There could be a bias because audiences tend to remember the missed kicks more than the ones that made it, but I decided I needed statistical evidence to support my theory that kickers are missing more field goals since the extra point was moved back.
The extra point was moved from the two-yard line to the 15-yard line before the 2015 season in order to make extra point attempts a more competitive play. It might not seem like much, but moving the extra point from a distance of 20 yards to 33 yards affected the entire league.
I used Pro Football Reference’s player season finder tool to get the data I analyzed. Two sets of data were analyzed: The first were kicking stats from the 2010 to 2014 seasons and the second data set was from the 2015 season up to week 12’s stats. To be included in this analysis, a kicker had to have played at least one full season over the five-year period in order to weed out backup kickers or kickers that had gotten cut.
From the 2010 season through the 2014 season, kickers that played at least one full season made 88.3 percent of field goal attempts and 99.5 percent of 20-yard extra point attempts. From 2015 up to week 12 of the this season, kickers have made 86.9 percent of field goal attempts and only 95.1 of 33-yard extra point attempts.
A 2 percent drop in kicks might not seem like much, but looking at the raw numbers, it adds up to almost 200 fewer kicks made. From 2010 to 2014, kickers made 2,684 field goals compared to 2,469 converted field goals since the extra point was moved back.

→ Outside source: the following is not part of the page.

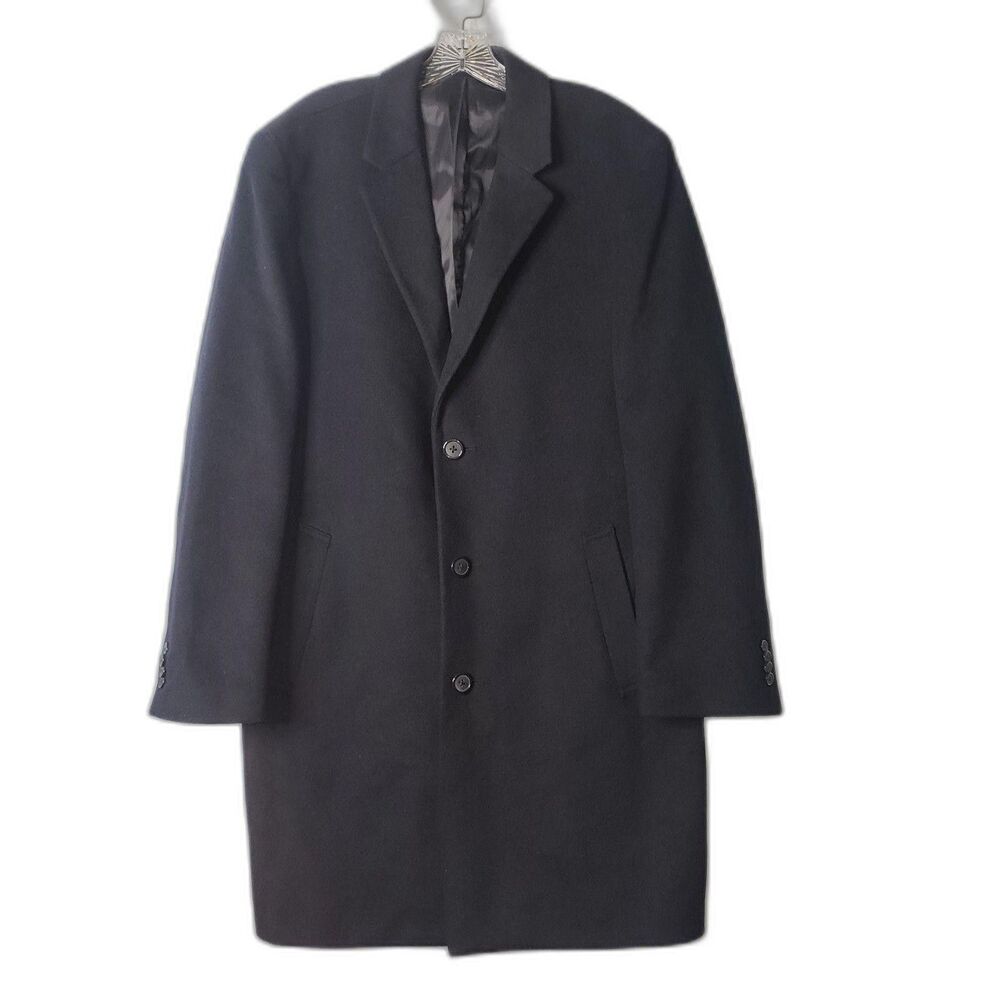 Kenneth Cole New York Coat Mens Large Black Wool Blend Overcoat 3 Button Lined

These numbers are over a broad five-year period, but analyzing stats for this year paints a distressing picture.
Kickers that have attempted 10 or more field goals this season are kicking at only an 80 percent clip, a stat that should sound alarms in every NFL office and could shift offensive philosophies around the league.

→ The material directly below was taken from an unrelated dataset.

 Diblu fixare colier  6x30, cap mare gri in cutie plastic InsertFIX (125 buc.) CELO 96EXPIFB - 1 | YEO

When these numbers were analyzed, there were still five weeks left in the season, but assuming each kicker makes two kicks in each game for the final five weeks of the season, there will be 320 kicks made. However, we can’t assume that two field goals will be made by each kicker over the final stretch of the season. If the trend of only 80 percent of kicks being made stays true, then 256 kicks will be made. That would put the number of successful field goals from 2015 through the present higher than the 2010 through 2014 season total.
Yet, we can’t assume each kicker will make two field goals in each game — most won’t even have the chance to make two field goal attempts in each game.
Kicking trends might not seem notable in the grand scheme of the league, but NFL teams are scoring more points now because of rule changes that have hindered defenses, but many of these points are not coming from kickers.
Players these days are bigger, faster and stronger than they have ever been before on both sides of the ball and they put up huge stat lines weekly, yet most kickers seem to have not followed this upward trend.
Why are kickers struggling to make kicks these days? We might not ever know.
My theory involves the movement of the extra point attempt, which is why I included extra point percent in the stats. The extra point used to be automatic for most kickers, which provided a confidence boost for the kicker since they were able to put the ball through the goal posts with ease multiple times per game.
Since the extra point attempt was moved back, the kicks are still made with regularity but the kicks are no longer automatic and even the best kickers will miss every once in a while, which affects a kicker’s self-confidence.
Missed extra points draw nasty boos at home or opposing cheers on the road, which affects the mental status of kickers and can snowball into multiple missed kicks as shown by the 2 percent drop in field goal percent since the extra point was moved back in 2015.
It seems silly that many football games come down to the least athletic players on the team, but we shouldn’t downplay how hard kicking a field goal is. Kickers see limited action during the game and then are expected to perform in extreme-pressure situations and if they underperform they face the ire of their own fans.